_YOUR TASK_
Beginning at the line that mentions "2025年12月14日_クリスマスリースを作ろう!", retype the rest of the records below exactly. Pictures are not part of the copy.

▼

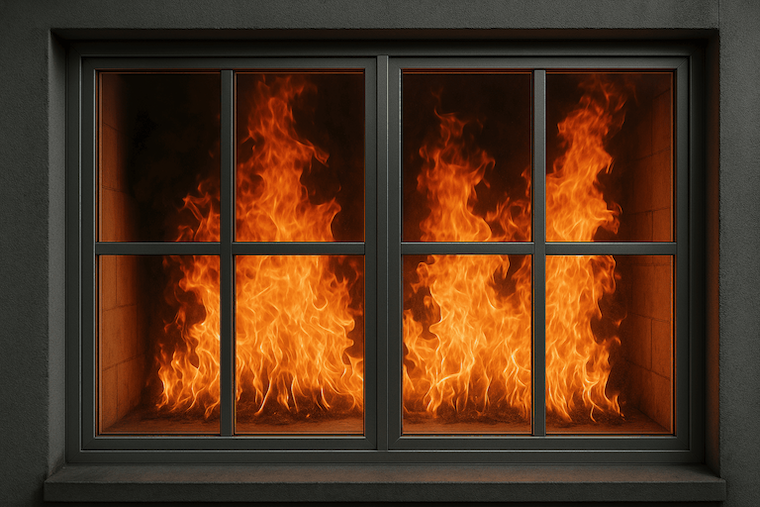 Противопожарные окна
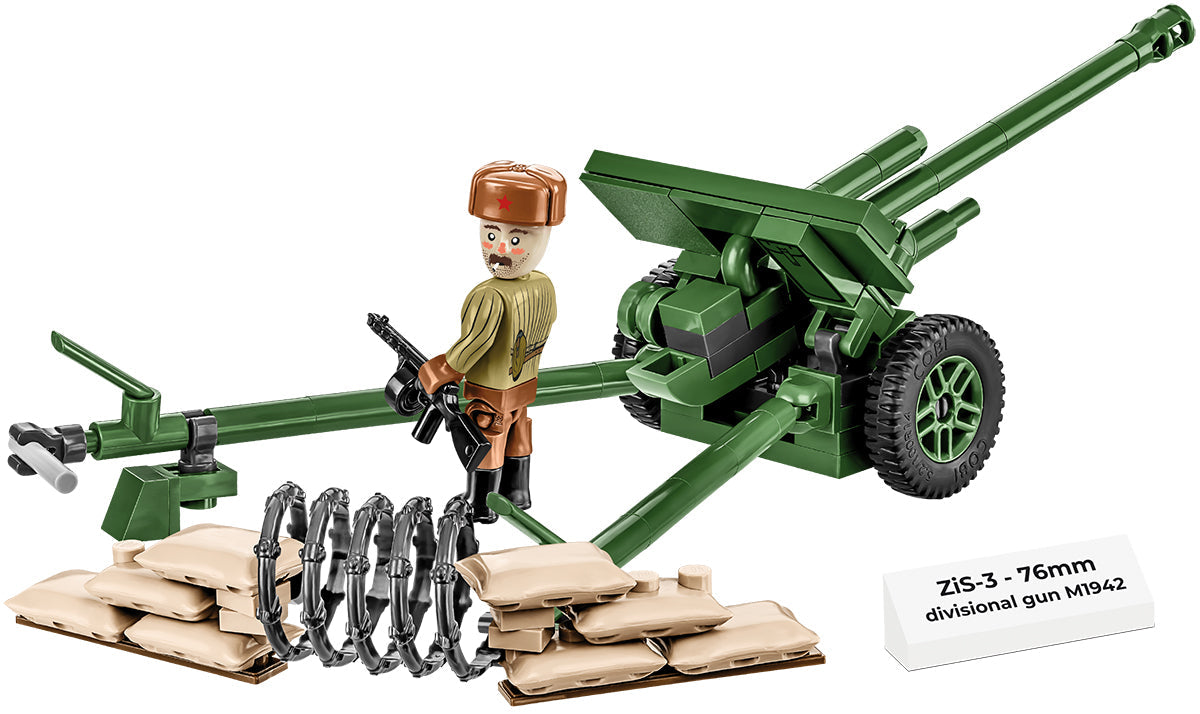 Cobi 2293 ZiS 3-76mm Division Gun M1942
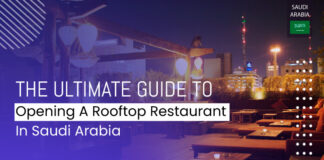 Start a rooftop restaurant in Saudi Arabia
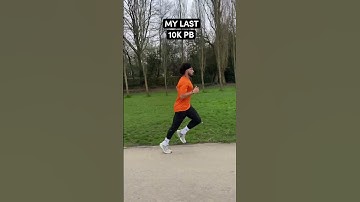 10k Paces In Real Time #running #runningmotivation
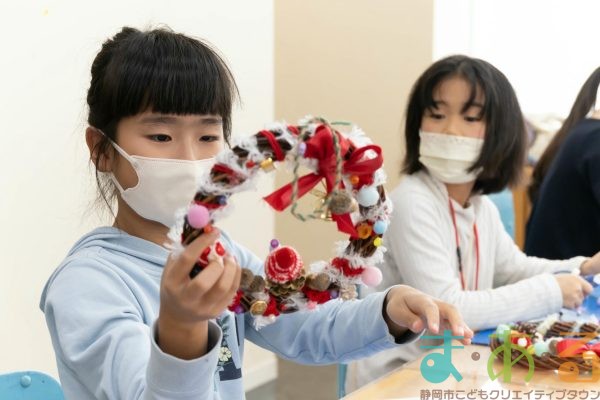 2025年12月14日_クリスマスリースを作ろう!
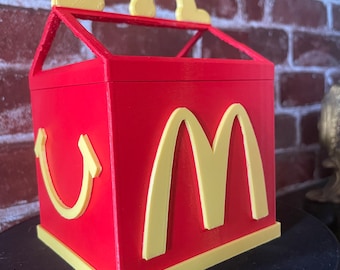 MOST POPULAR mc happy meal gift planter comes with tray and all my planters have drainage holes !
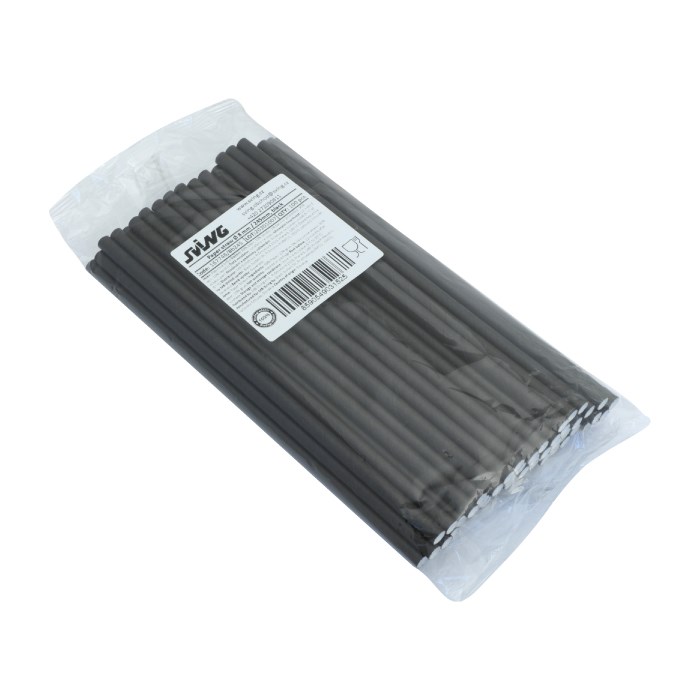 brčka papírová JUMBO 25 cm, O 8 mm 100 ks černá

▲

_RESULT BELOW_
 2025年12月14日_クリスマスリースを作ろう!
 MOST POPULAR mc happy meal gift planter comes with tray and all my planters have drainage holes !
 brčka papírová JUMBO 25 cm, O 8 mm 100 ks černá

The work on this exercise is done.